As I recall, Spitzer reached a major, sector-changing settlement with your firm, and others, for ....squeezing more value out of stock research!
Mostly by improperly attaching it to trading and investment banking, so access to star analysts, and their involvement in boosting firms underwritten by their own firms, shifted their work from independent, objective research, to mere marketing on behalf of clients and trading desks.
A friend of mine, formerly a senior communications systems management at Lehman, now at a major tech firm, confirmed this for me last summer. He regaled me with stories of 'research analysts' getting in on the pitch to prospective underwriting clients on how they would support the new client via opinions to institutional clients and their own trading desks.
This is the sort of thing that the storied settlement was supposed to change.
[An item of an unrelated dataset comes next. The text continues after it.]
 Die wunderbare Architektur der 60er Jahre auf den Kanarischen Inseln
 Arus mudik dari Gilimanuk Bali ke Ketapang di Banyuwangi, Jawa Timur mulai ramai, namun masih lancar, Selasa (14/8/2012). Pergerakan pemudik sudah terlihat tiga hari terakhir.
Now, John Mack is reportedly,
"Since having dinner with research division leaders and informal chats with analysts as part of his two-week immersion, Mr. Mack has been talking with lieutenants about what should be changed in research. One challenge: quantifying the value generated by good ideas used by both the firm and its clients. The topic has come up several times at recent weekly management-committee meetings."
First, isn't that the holy grail of Wall Street? And has been since time immemorial? Please tell me, John, that you don't really think this is new ground you are plowing.
"Quantifying the value...." of research is the age old quest of brokerages trying to figure out what those expensive eggheads actually do to make money for the firm.
And, since the modern brokerage has three major businesses- institutional sales/trading, proprietary trading and underwriting- the analyst must be adding value to one or more of these, if s/he adding value at all.
The first and third businesses are exactly where Spitzer's hunt focused- improper use of analysts to win underwriting and then lever those products into institutional trading clients.
Using analysts to improve proprietary trading is, of course, an obvious path. But if this were simple and effective, wouldn't it already have been done? Then, again, the really good analysts, eventually, become money managers. So maybe that's not as simple as it seems. And it puts great pressure on analysts to produce consistently and well. Maybe that, too, doesn't work so well in practice as in theory.
It just strikes me, from the Journal article, that none of Mack's alleged new ideas is actually new at all. And if they are known to work, wouldn't the article note that, too?
As the nearby five year price chart for Morgan Stanley and the S&P500 Index indicates, it's been a terrible 18 months or so for Mack and his battered shareholders.
It seems to be another stumble of John Mack's on the long journey through the desert of bad performance on which he has led Morgan Stanley these past few years.